Self-Irrigating Desert Plant Discovered
- By Hadley Leggett
- July 10, 2009 |
- 2:49 pm |
- Categories: Biology
A desert plant has apparently figured out how to water itself.
Ecologists had been puzzling over the desert rhubarb for years: Instead of the tiny, spiky leaves found on most desert plants, this rare rhubarb boasts lush green leaves up to a meter wide. Now scientists from the University of Haifa-Oranim in Israel have discovered that ridges in the plant’s giant leaves actually collect water and channel it down to the plant’s root system, harvesting up to 16 times more water than any other plant in the region.
“It is the first example of a self-irrigating plant,” said plant biologist Gidi Ne’eman, a co-author on the paper published in March in Naturwissenschaften, a German journal of ecology. “This is the only case we know, but in other places in the world there might be additional plants that use the same adaptions.”
The desert rhubarb grows in the mountainous deserts of Israel and Jordan, where there’s only about 75mm of rainfall each year. Even during the rainy season, the region’s light rainfalls often don’t penetrate the rocky soil of the desert. Plants with large leaves and a deep root system, like the desert rhubarb, typically can’t survive in such an arid climate.
But when the researchers measured the plant’s water absorption during a light rain, they discovered that water infiltrated the soil 10 times deeper around the desert rhubarb then in surrounding areas. Upon closer examination, scientists discovered deep grooves around the plant’s veins, which are coated in a waxy cuticle that helps channel water down to the root.
“Even in the slightest rains,” the researchers wrote, “the typical plant harvests more than 4,300 cubic centimeters of water per year and enjoys a water regime of about 427 millimeters per year, equivalent to the water supply in a Mediterranean climate.”
Some scientists say the desert rhubarb isn’t all that, however. “Many plants channel water to their base to be absorbed by the root,” Lindy Brigham, a plant ecologist from the University of Arizona, wrote in an email. “Just look at the way plant leaves are shaped and how they branch from the base in many cases.” The architecture of the desert rhubarb’s leaves is unusual, she said, but not necessarily the only example of this adaptation.

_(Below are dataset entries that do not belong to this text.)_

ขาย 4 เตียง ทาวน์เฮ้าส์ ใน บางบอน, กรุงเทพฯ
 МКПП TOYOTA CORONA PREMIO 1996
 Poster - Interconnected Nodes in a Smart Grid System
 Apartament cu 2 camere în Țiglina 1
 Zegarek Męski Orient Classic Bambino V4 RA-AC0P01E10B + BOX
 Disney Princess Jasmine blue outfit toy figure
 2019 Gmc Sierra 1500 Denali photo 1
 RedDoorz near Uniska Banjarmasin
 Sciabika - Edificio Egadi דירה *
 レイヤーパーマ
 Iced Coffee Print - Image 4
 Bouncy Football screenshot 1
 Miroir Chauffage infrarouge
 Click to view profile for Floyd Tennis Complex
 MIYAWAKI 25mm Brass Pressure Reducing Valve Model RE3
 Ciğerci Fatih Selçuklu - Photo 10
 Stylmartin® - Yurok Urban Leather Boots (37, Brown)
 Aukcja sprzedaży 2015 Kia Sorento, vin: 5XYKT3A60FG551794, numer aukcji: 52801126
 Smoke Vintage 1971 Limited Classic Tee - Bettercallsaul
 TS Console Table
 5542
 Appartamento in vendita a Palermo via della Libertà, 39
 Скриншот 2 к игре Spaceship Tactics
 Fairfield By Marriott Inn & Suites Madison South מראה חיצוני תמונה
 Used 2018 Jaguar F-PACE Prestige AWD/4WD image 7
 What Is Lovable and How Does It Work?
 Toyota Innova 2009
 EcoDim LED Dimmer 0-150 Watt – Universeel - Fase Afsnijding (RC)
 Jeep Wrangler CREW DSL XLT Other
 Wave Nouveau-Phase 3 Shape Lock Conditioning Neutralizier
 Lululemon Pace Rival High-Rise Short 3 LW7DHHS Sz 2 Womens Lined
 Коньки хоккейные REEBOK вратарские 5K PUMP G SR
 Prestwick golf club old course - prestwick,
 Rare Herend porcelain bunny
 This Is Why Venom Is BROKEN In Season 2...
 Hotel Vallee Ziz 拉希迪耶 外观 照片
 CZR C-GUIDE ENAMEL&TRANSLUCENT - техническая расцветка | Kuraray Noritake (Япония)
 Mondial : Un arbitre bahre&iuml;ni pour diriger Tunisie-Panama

UPDATE – This post was updated Sunday afternoon to include a comment from a scientist who was not involved in the research.
See Also:
- Smarty Plants: Inside the World’s Only Plant-Intelligence Lab
- Peak Water: Aquifers and Rivers Are Running Dry. How Three Regions …
Image: Gidi Ne’eman, University of Haifa–Oranim
Love it or hate it, evolution sure is clever.
Article title is a bit misleading as this plant is not ‘watering’ itself but merely has a structural adaption to help its survival. As far as anatomy & physiology relating to evolution, this is nothing groundbreaking.
@derekris
No, this is intelligent design at work. No, seriously.
Apparently, the Almighty somehow couldn’t make it rain more there, so he just made these plants more efficient at getting water.
See how easy it is?
Love it or hate it, God sure is clever.
Yea, in the “God is Nature” kind of way…not the “a higher ‘being’ thought this through and designed it by himself” kind of way.
But can you make rhubarb pie out of it?
They should plant these things in all the deserts.
You do know that redwood trees catch fog from the um, fog, and as it condenses on the needles, the tree waters itself, right? Drive up Rt. 280 after 5:30 in the summer to see it in action or hit Muir woods. Redwood groves can actually cause rain in the grove as fog comes in.
And mdmadph, oh, obviously. Please submit supporting evidence. Evolution happens. It is endemic in the system.
If the deserts were full of rhubarb, who would like deserts anymore?
>But when the researchers measured the plant’s water absorption during a light rain, they discovered that water infiltrated the soil 10 times deeper around the desert rhubarb then in surrounding areas.
I’m sorry to be the foreign editor, but it’s THAN, not then.
And the copy should read “10 times more deeply” not “10 times deeper.”
Where are your editors people?
koa in hawaii. silversword too come to think of it.
Anyone with even a minimal knowledge of botany knows that there is a multitude have plants that through natural selection have shape that aid in directing water to the root system.
Love it or hate it, God sure is evolution.
what makes this different from all of the other plants which channel water to their stalks via their leaves?
@ crazixnosix Actually that part of the title is completely accurate. It says self irrigating not self watering, the definition of irrigation is “supply with water, as with channels or ditches or streams” which is exactly what the plant does. The only questionable part of the title is if it is the FIRST plant discovered to do so.
Regular old corn funnels rain as well. It’s a pretty basic adaptation.